1

62 12 44
                                    

I don't know how this happened.

Well, I know but it wasn't really a pleasurable experience for me.

You'd like to hear my miserable tale, how I have become an almost invisible cat?

Of course, you humans would love to read my tragic story.

I, Trixie, was a perfectly good pet cat who stayed with her owner, Francois. Francois is a crazy scientist who thinks of many great inventions *cough* fiction storylines *cough* and works upon them.

On a not-so-fine day, Francois wanted to make things invisible. Like, they're there but just not visible to us. It's difficult to explain.

Francois kept to himself in his lab, and kaboomed stuff (don't ask me what he did, I'm not a geek).

After what seemed like a week, the door opened and out came a...… floating set of clothes?

Ah, he must've succeeded in that madness invisibility liquid.

But his nose, it was red like a joker's. HAHAHAHAHAHAHA.

He came out floating with a bottle with him and he POURED THAT ICKY LIQUID ALL OVER MY LUSTROUS FUR!

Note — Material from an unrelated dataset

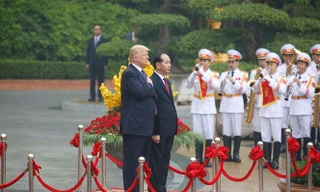 Ba ngày 'chạm tới trái tim' Tổng thống Mỹ Donald Trump 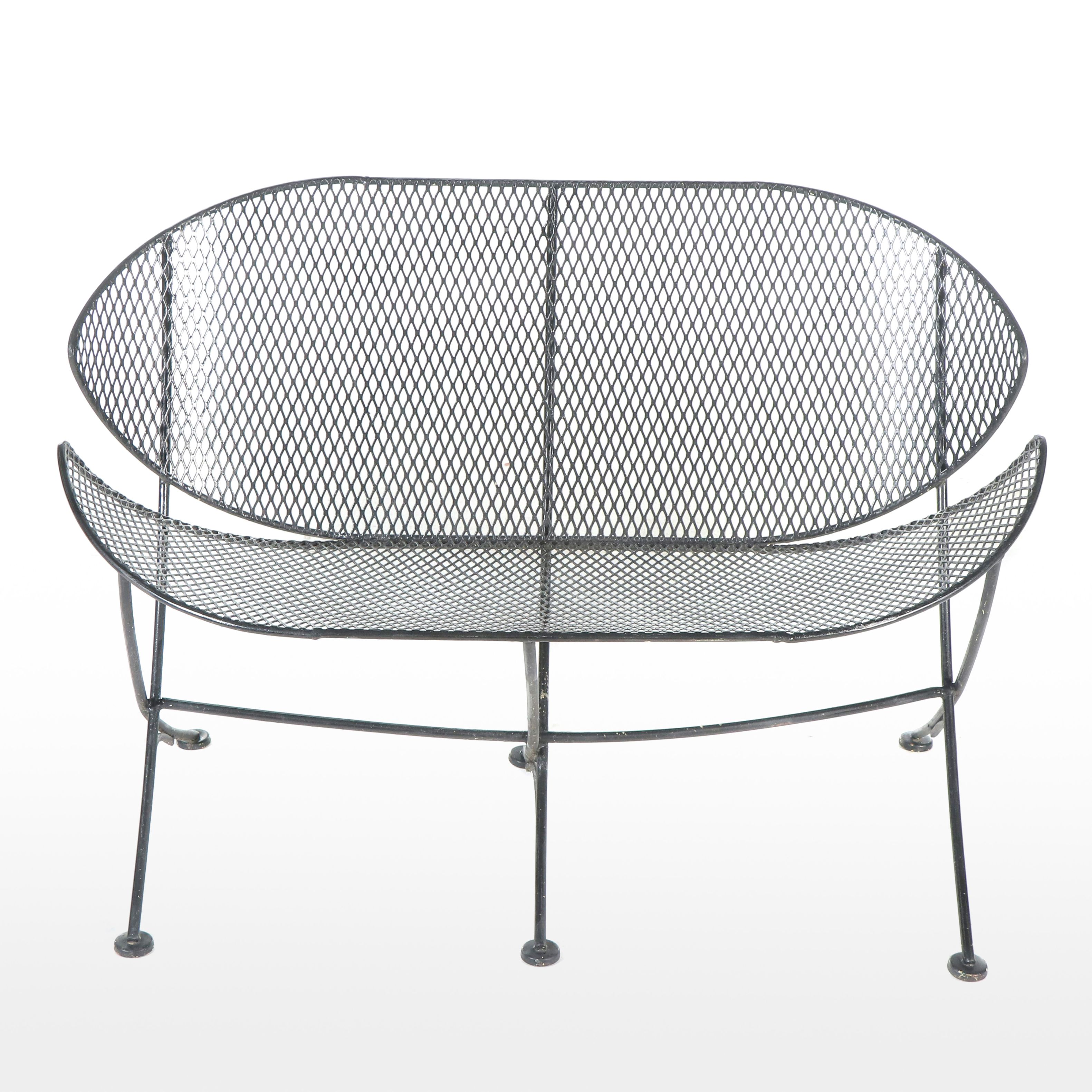 Maurizio Tempestini for Salterini "Orange Slice" Settee, c. 1960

I felt itchy, and my skin felt like being washed with freezing Antarctic water *shudders* and I was scratching myself and running around.

Let that lab be destroyed. He deserves it for making me go through this torture.

I don't know when I ran out of there and Francois shut the door. I was still itching like crazy, and jumping in the alley.

SCREEEEEECH!

Oh no, I must be invisible and somebody must've heard the noises. Great, now people think I'm a creepy ghost.
I'm a smart kitty, I stopped screeching, ran out of the alley and hid near a garbage dumpster. Ah, how cats like to hide in these dumpsters.
Note the sarcasm.

When it was quiet, I slowly got out and looked in a car at my reflection.

Most of my body was invisible, but my bright green eyes and claws were still visible. So that's why the person freaked out.

Hmmm, what should I do? Live as a dumpster diver cat forever until the invisibility wears off, or try to get in my meow-friends’ coven?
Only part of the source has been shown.